- [SOURCE DATA]
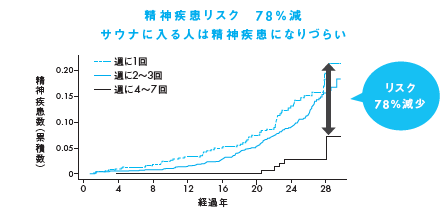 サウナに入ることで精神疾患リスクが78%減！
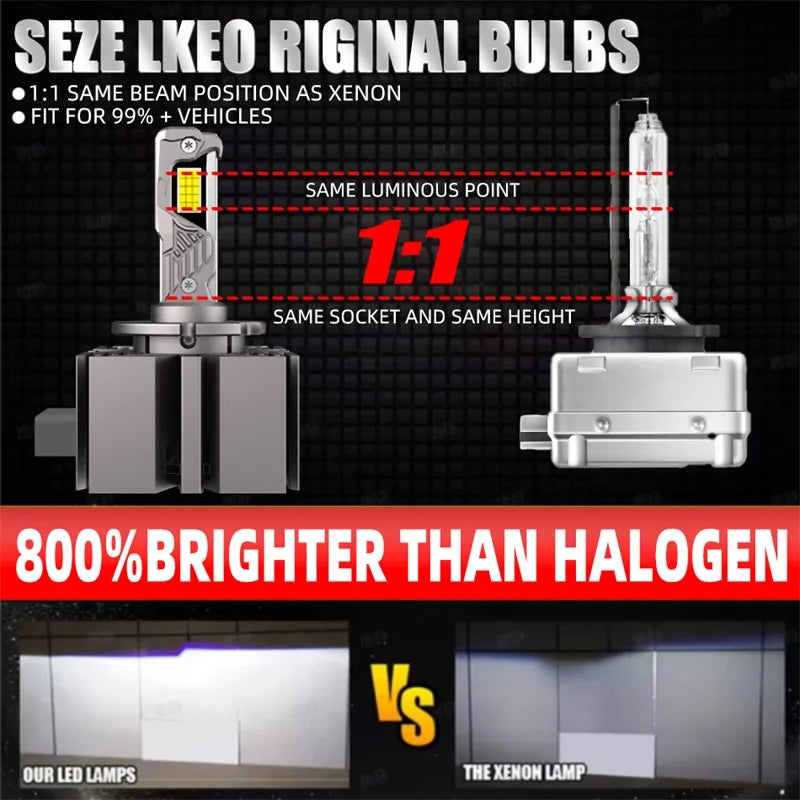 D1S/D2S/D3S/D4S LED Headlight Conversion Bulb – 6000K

--

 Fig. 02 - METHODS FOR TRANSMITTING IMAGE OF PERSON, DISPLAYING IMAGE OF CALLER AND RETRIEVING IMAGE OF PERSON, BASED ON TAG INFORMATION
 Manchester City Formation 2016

- [TRY IT]
Going back to the data above, write out everything from the line with "サウナに入ることで精神疾患リスクが78%減！" down to the line with "D1S/D2S/D3S/D4S LED Headlight", both included, leaving every picture out.

- [TASK RESULT]
 サウナに入ることで精神疾患リスクが78%減！
 D1S/D2S/D3S/D4S LED Headlight Conversion Bulb – 6000K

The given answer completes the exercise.